Na cozinha, a herança é mais fácil de apontar. A Confeitaria Di Cunto funciona no mesmo endereço da Mooca desde 1935, aberta por Donato Di Cunto, que havia chegado ao Brasil em 1905. Do lado de fora do estádio do Juventus, na Rua Javari, um vendedor conhecido como Seu Antônio segue fazendo cannoli com receita de mais de 50 anos. No Brás, a Cantina Gigio resiste desde 1971. O hábito do almoço de domingo com macarronada e molho de tomate, tão associado à vida familiar paulistana, veio direto dessas cozinhas — assim como o próprio "tchau", adaptação do "ciao" italiano incorporada ao português falado no Brasil inteiro.
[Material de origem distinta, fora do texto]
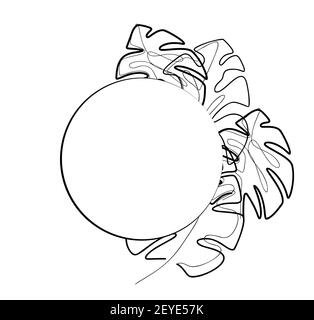 Cornice rotonda con contorno monolina foglie di monstera. Modello naturale con fogliame tropicale. Cartolina vettoriale monocromatica, scheda e banner di tendenza Illustrazione Vettoriale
O futebol também nasceu ali dentro. Em 1924, a fusão de dois times de várzea formados por operários, o Extra São Paulo e o Cavalheiro Crespi, deu origem ao Cotonifício Rodolfo Crespi Futebol Clube. Em 1930, o clube passou a se chamar Clube Atlético Juventus, homenagem sugerida pelo próprio Rodolfo Crespi depois de assistir a uma partida da Juventus de Turim numa viagem à Itália. O estádio na Rua Javari segue de pé.
O que ficou
A Hospedaria do Brás, fechada em 1978, passou por um processo de ressignificação: tombamento pelo Condephaat em 1982, criação do Centro Histórico do Imigrante em 1986, tombamento municipal pelo Conpresp em 1991, e finalmente a criação do Museu da Imigração em 1993 — instituição que hoje ocupa o mesmo endereço na Rua Visconde de Parnaíba, na divisa entre Brás e Mooca. Fechado para restauro entre 2010 e 2014, reabriu em maio daquele ano com uma exposição de longa duração que já não fala apenas de italianos: presta contas de mais de 70 nacionalidades que passaram por aquelas dependências, incluindo uma parede de madeira com mais de 14 mil sobrenomes gravados.
Brás e Mooca seguiram, depois disso, dois destinos diferentes. O primeiro virou sinônimo de comércio popular, e a marca italiana precisa ser procurada com atenção entre vitrines de roupa. O segundo manteve mais do seu tecido residencial e gastronômico, ainda que os antigos galpões fabris venham cedendo espaço, ano após ano, a torres de apartamento. Quem caminha hoje pela Rua dos Trilhos ainda encontra, entre um condomínio novo e outro, um pedaço de fachada de tijolo aparente que sobrou do Cotonifício Crespi — hoje vendendo arroz e feijão num corredor de supermercado, no mesmo terreno onde, em 1917, mulheres pararam a maior fábrica têxtil da América do Sul.